→ **WORK REQUEST**: Please give back only the lines below from the one containing "Body maiou negru uni" to the one containing "Thumbnail of Savarez", each repeated word for word, both ends included.

(Dataset entries)
'''

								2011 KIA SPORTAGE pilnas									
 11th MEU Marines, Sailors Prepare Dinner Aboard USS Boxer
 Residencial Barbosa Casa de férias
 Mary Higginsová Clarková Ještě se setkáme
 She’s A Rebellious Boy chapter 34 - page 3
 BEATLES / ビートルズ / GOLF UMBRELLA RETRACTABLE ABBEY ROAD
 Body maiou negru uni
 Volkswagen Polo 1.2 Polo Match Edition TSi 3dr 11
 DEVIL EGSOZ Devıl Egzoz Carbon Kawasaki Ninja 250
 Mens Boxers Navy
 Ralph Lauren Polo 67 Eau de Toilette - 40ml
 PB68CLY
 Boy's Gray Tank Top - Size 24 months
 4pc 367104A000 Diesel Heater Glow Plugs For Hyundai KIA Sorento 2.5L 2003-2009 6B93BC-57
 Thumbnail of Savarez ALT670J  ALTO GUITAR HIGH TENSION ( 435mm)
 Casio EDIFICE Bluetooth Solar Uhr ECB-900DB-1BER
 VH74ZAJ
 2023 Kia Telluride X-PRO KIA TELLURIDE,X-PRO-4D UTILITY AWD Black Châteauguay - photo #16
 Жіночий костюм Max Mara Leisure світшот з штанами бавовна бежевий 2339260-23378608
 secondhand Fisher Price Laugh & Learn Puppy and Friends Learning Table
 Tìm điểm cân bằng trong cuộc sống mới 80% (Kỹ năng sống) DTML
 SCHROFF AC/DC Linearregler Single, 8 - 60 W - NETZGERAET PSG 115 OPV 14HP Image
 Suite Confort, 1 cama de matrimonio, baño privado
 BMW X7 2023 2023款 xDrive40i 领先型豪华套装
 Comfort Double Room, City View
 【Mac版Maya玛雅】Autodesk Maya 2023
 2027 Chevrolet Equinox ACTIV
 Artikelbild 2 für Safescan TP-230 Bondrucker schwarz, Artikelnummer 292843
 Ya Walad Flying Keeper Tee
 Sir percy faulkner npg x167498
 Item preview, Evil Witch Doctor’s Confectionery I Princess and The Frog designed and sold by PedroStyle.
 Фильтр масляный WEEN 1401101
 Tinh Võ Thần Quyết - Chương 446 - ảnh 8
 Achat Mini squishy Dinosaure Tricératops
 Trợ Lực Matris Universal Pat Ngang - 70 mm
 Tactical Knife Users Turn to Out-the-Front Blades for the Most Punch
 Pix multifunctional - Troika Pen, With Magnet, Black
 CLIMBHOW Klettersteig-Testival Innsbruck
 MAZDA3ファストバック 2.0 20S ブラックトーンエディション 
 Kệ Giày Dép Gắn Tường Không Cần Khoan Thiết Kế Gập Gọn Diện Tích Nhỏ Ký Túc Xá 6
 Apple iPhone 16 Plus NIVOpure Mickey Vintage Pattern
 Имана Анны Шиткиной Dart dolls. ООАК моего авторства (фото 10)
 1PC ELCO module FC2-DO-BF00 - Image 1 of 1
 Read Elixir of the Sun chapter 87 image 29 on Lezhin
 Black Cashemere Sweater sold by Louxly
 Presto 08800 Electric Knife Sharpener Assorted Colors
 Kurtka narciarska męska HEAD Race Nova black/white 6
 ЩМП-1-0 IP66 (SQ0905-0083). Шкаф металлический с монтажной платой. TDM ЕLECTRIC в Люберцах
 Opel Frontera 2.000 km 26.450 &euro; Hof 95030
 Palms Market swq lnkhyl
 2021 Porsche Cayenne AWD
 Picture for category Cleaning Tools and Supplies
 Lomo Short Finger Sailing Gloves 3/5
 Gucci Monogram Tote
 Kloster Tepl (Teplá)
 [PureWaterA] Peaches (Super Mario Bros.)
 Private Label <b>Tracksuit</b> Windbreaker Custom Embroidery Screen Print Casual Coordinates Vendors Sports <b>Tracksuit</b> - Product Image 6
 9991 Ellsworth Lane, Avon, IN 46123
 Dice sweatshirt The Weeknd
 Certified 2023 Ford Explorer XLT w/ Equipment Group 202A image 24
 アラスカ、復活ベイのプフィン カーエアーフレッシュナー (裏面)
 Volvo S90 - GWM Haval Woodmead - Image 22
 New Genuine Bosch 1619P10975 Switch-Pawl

'''

→ **ANSWER BOX**:
 Body maiou negru uni
 Volkswagen Polo 1.2 Polo Match Edition TSi 3dr 11
 DEVIL EGSOZ Devıl Egzoz Carbon Kawasaki Ninja 250
 Mens Boxers Navy
 Ralph Lauren Polo 67 Eau de Toilette - 40ml
 PB68CLY
 Boy's Gray Tank Top - Size 24 months
 4pc 367104A000 Diesel Heater Glow Plugs For Hyundai KIA Sorento 2.5L 2003-2009 6B93BC-57
 Thumbnail of Savarez ALT670J  ALTO GUITAR HIGH TENSION ( 435mm)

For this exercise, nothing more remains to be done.